▶ [Assignment]: Please, could you print all the lines below exactly, leaving out the pictures?

▶ [Recorded data]:
▼

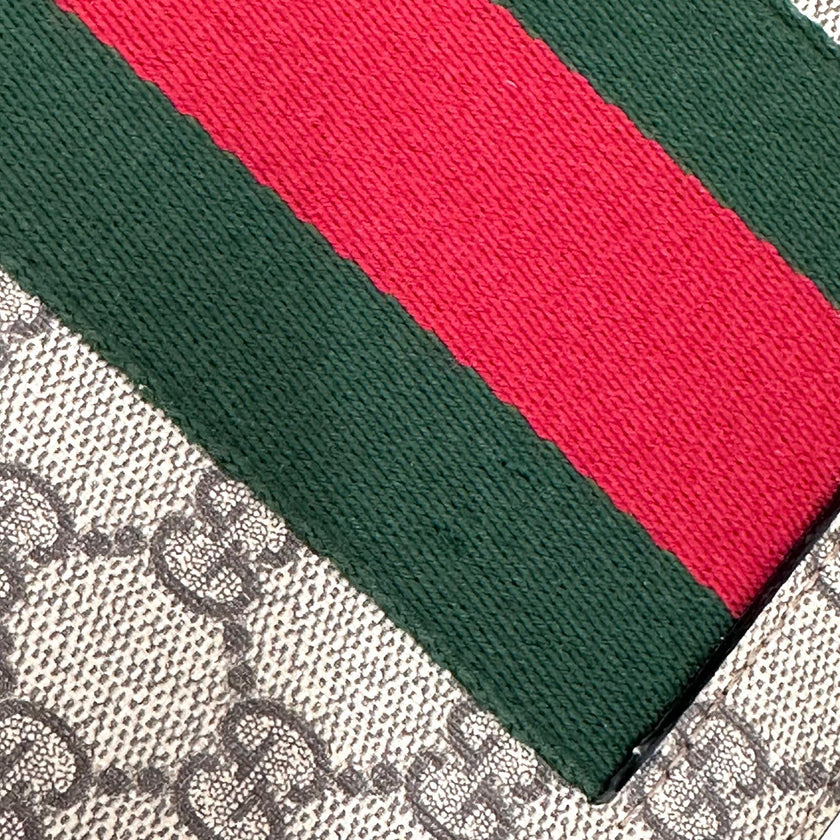 Gucci Borsa Maxi Pochette GG Supreme con Web Verde e Rosso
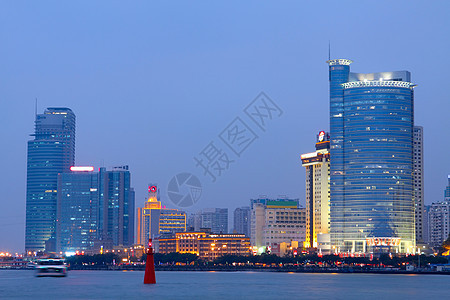 Gulangyu岛中国夏门夜景建筑照明建筑学反射风景城市全景远景摩天大楼景观图片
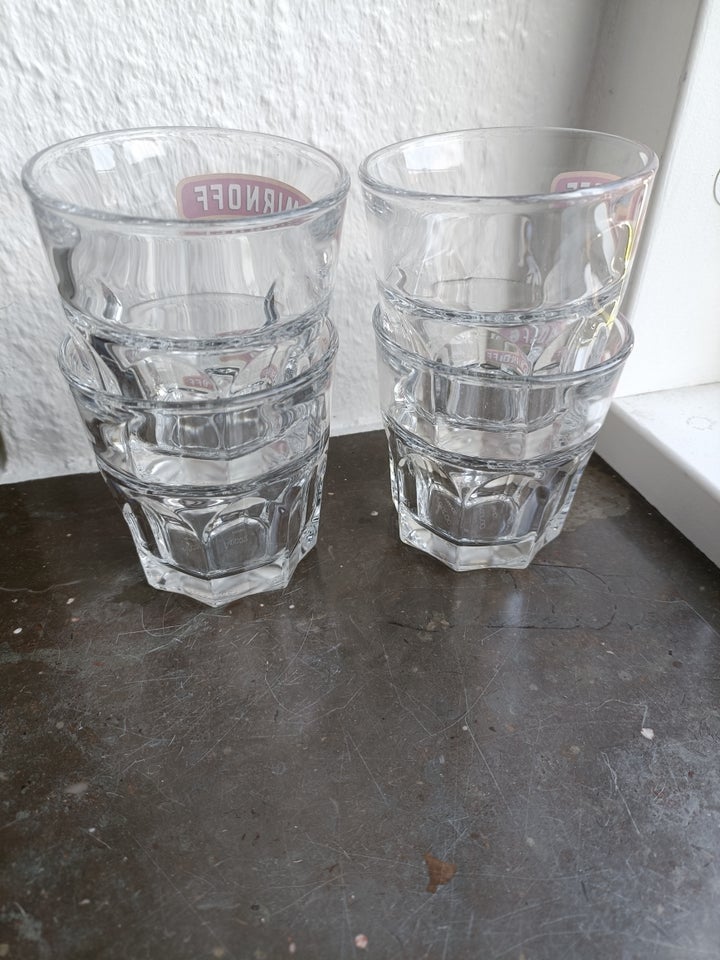 Glas Smirnoff glas og vodka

▲

▶ [Problem solution]:
 Gucci Borsa Maxi Pochette GG Supreme con Web Verde e Rosso
 Gulangyu岛中国夏门夜景建筑照明建筑学反射风景城市全景远景摩天大楼景观图片
 Glas Smirnoff glas og vodka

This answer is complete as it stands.